Using the credit dataset from the logistic regression example above, create a K-Nearest Neighbors classification model to predict whether or not a person will default on a loan based on their credit score and income. Print the predicted labels for the test set.

from sklearn import datasets
from sklearn.neighbors import KNeighborsClassifier
from sklearn.model_selection import train_test_split

# Load the credit dataset
credit = datasets.load_credit()
X = credit[['credit_score', 'income']]
y = credit['default']

# Split the data into a training set and a test set
X_train, X_test, y_train, y_test = train_test_split(X, y, test_size=0.25)

# Create an instance of the KNeighborsClassifier class with 3 neighbors
model = KNeighborsClassifier(n_neighbors=3)

# Fit the model to the training data
model.fit(X_train, y_train)

# Predict the labels of the test data
y_pred = model.predict(X_test)

print(y_pred)

The predicted labels for the test set will be printed.

Using the credit dataset from the logistic regression example above, create a Gaussian Naive Bayes classification model to predict whether or not a person will default on a loan based on their credit score and income.
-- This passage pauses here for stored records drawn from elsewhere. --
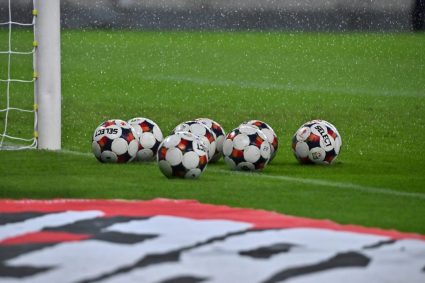 Petrolul și FCSB, amendate cu câte 5000 de lei din cauza incidentelor din Superligă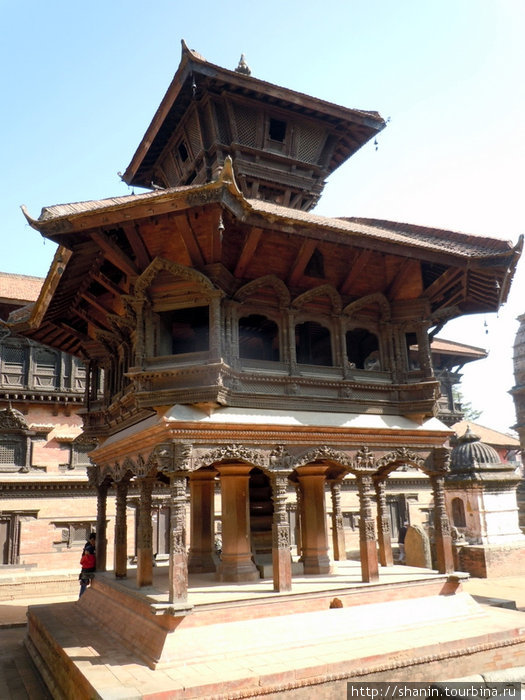 Трехэтажный храм Бхактапур, Непал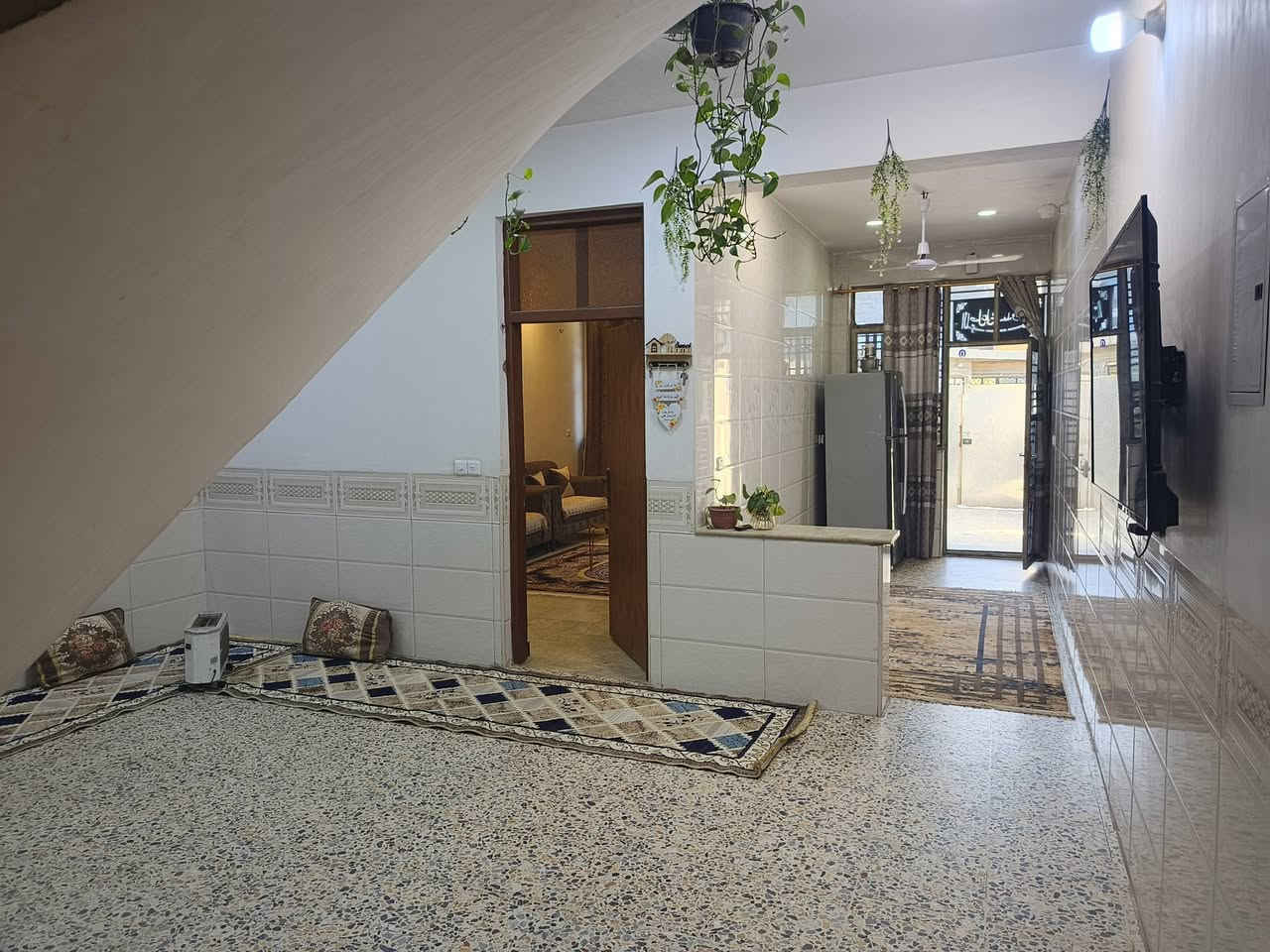السلام عليكم
بيت طابو ملك صرف حي الرئاسه مال عبيدي

مساحته ١٤٠ متر بناء جديد طابق ونص نهاية شارع البداله خلف سنتر الرئاسه كلشي وكلاشي 

الاستفسار عن باقي التفاصيل او السعر على الخاص او الوتساب ***********

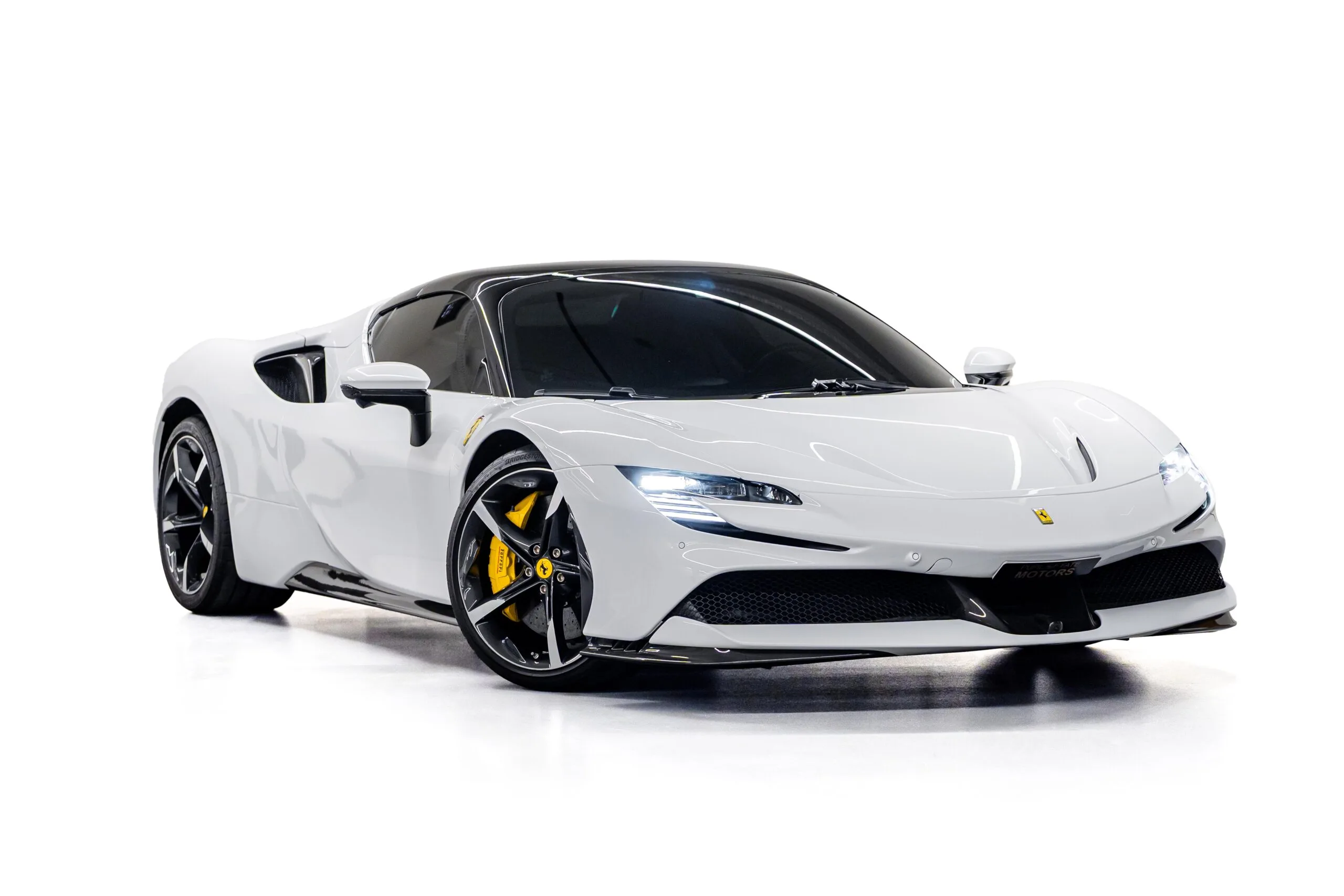 2023 Ferrari SF90 Spider proposée par un concessionnaire spécialisé à Dubaï, Émirats arabes unis, photo principale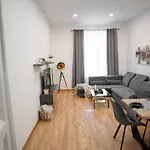 Vila Antonio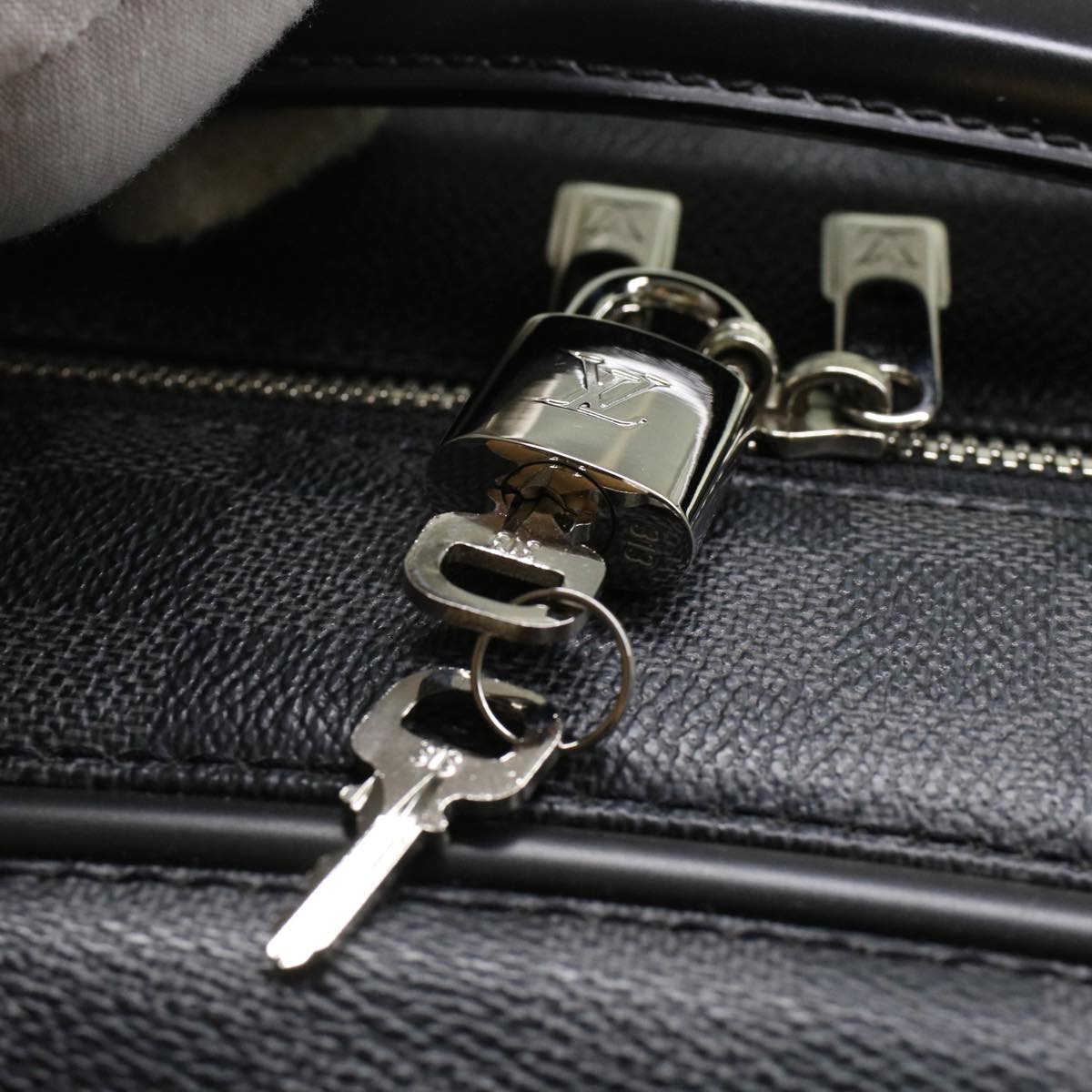 LOUIS VUITTON Zephyr Travel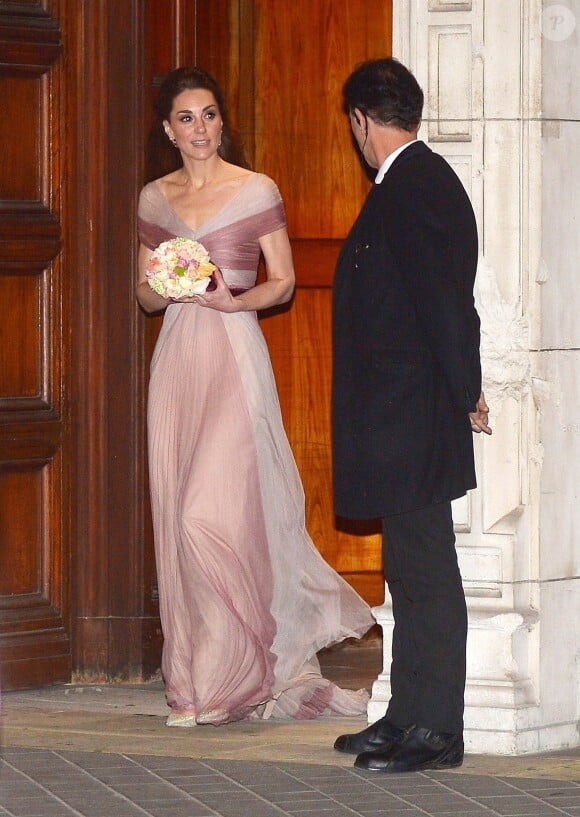 Catherine (Kate) Middleton, duchesse de Cambridge à la sortie du dîner de gala "100 Women in Finance" au profit des écoles pour la santé mentale au Victoria and Albert Museum de Londres, Royaume Uni, le 13 février 2019. 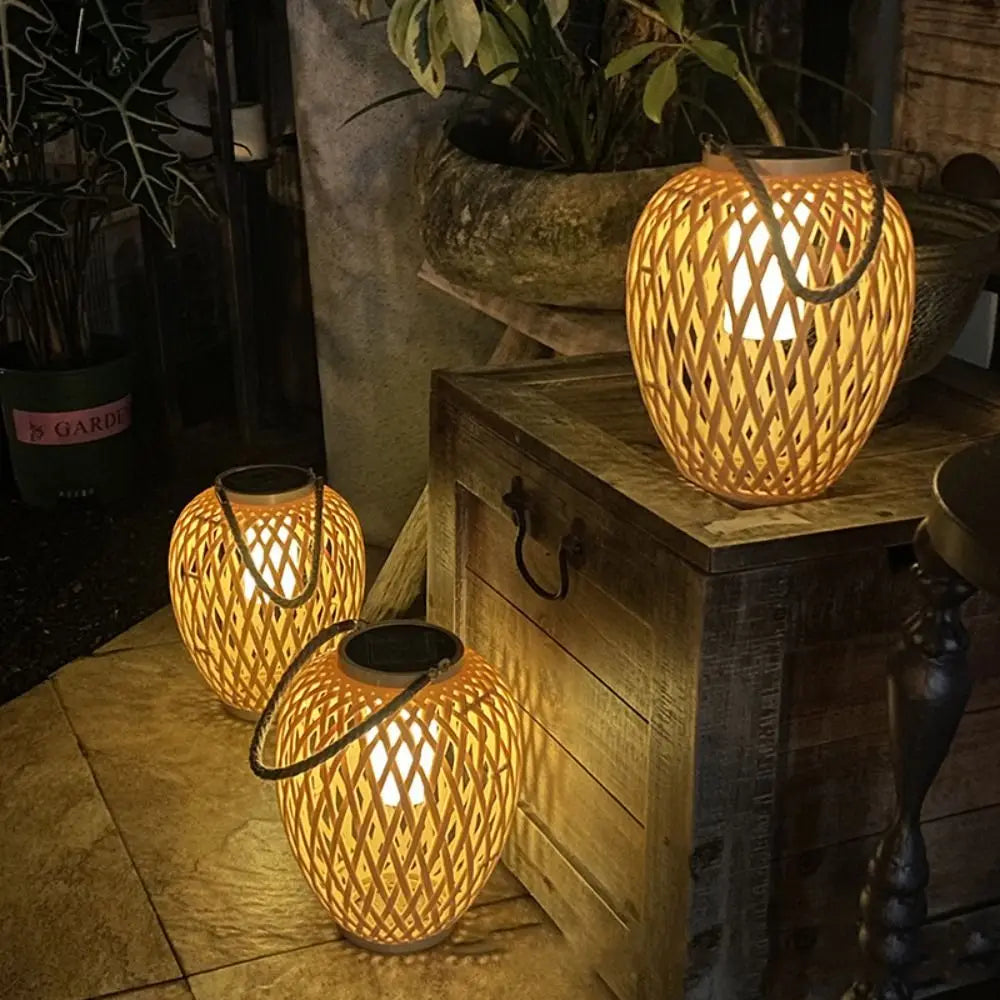 Lanterne solaire en bambou tressé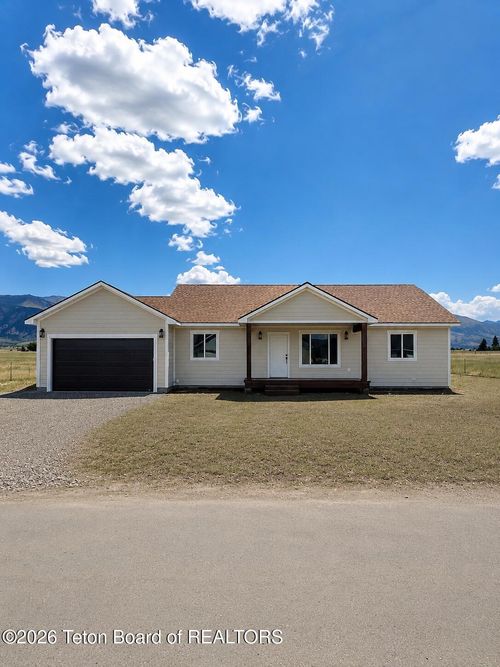 146 Rusty Springs Ln, Thayne, WY, 83127-9009 | Card Image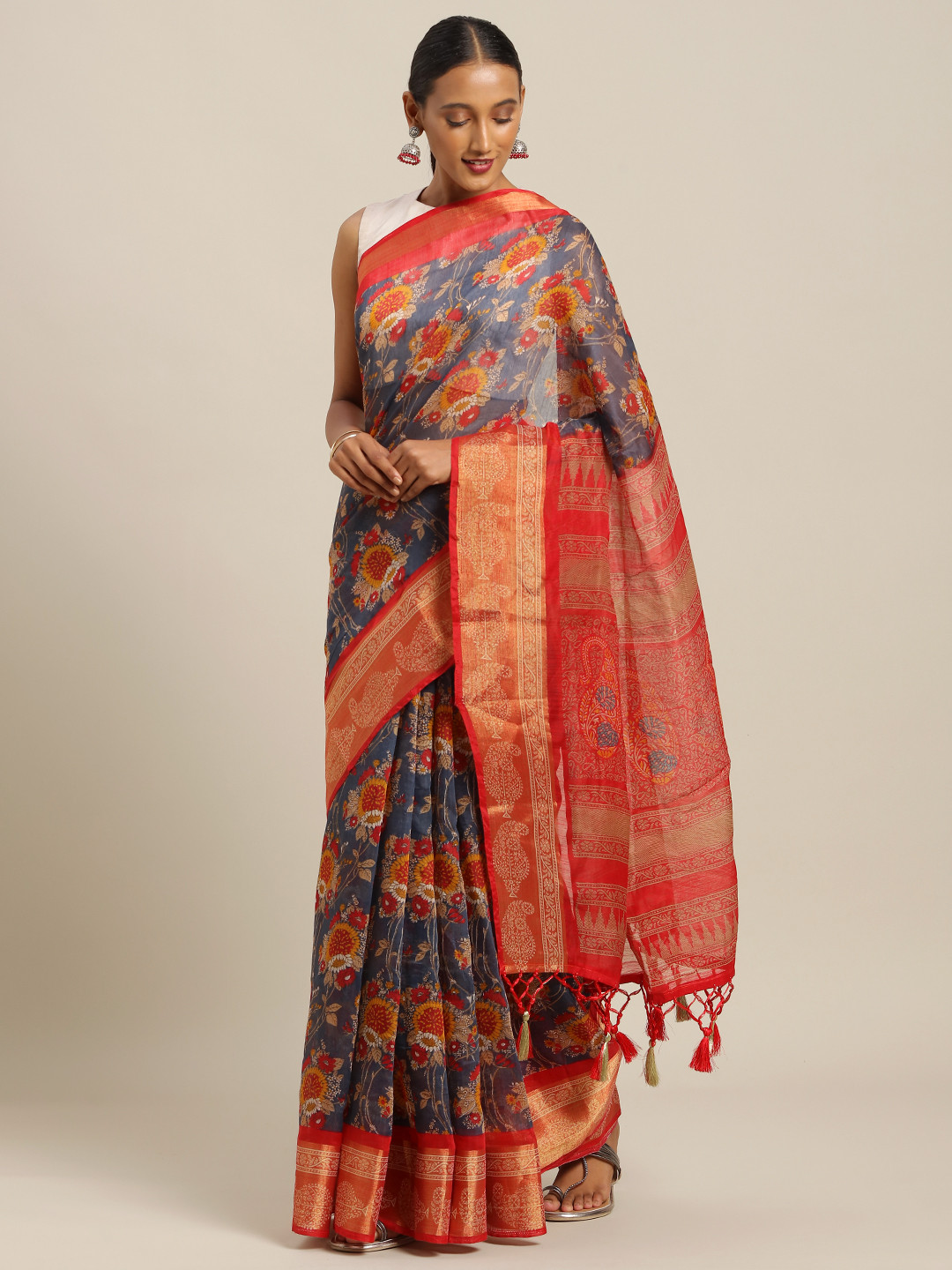 

Rajnandini Grey & Red Silk Cotton Printed Saree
Print the predicted labels for the test set.

from sklearn import datasets
from sklearn.naive_bayes import GaussianNB
from sklearn.model_selection import train_test_split

# Load the credit dataset
credit = datasets.load_credit()
X = credit[['credit_score', 'income']]
y = credit['default']

# Split the data into a training set and a test set
X_train, X_test, y_train, y_test = train_test_split(X, y, test_size=0.25)

# Create an instance of the GaussianNB class
model = GaussianNB()

# Fit the model to the training data
model.fit(X_train, y_train)

# Predict the labels of the test data
y_pred = model.predict(X_test)

print(y_pred)

The predicted labels for the test set will be printed.